What the task requires:
Search the listing below for the line containing "China Wholesale Breathable". From there through the line containing "Cat Night Galaxy Wall Art", transcribe every line exactly, both ends included.

Data extract:
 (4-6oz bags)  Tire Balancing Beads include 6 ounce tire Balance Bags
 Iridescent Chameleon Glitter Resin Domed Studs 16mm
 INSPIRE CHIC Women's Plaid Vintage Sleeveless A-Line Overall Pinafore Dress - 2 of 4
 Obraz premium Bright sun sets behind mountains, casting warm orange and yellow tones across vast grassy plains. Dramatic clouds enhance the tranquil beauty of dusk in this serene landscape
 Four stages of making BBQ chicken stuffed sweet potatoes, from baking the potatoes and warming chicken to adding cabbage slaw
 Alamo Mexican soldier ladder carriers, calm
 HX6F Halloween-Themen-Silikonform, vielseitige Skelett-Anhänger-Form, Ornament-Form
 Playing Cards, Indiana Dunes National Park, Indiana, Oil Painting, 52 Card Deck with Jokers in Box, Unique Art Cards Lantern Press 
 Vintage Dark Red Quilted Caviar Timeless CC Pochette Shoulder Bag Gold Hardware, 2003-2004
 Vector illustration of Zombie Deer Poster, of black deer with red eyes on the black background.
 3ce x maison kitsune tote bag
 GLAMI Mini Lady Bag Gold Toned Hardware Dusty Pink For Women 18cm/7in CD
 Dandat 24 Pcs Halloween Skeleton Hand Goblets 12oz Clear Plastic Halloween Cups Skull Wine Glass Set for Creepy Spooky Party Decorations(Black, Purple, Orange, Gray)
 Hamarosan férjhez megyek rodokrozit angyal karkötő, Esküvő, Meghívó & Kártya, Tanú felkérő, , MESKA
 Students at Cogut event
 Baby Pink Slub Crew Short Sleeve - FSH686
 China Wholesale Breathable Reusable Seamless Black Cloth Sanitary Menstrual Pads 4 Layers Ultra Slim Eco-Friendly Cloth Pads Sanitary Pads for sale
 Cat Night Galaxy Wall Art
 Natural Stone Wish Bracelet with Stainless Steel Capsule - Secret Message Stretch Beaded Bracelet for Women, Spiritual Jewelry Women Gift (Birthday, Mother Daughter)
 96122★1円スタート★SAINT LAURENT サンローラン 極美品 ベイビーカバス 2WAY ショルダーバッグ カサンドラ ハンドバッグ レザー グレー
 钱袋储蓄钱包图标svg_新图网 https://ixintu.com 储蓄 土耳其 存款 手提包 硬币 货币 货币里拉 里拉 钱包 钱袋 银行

Answer box:
 China Wholesale Breathable Reusable Seamless Black Cloth Sanitary Menstrual Pads 4 Layers Ultra Slim Eco-Friendly Cloth Pads Sanitary Pads for sale
 Cat Night Galaxy Wall Art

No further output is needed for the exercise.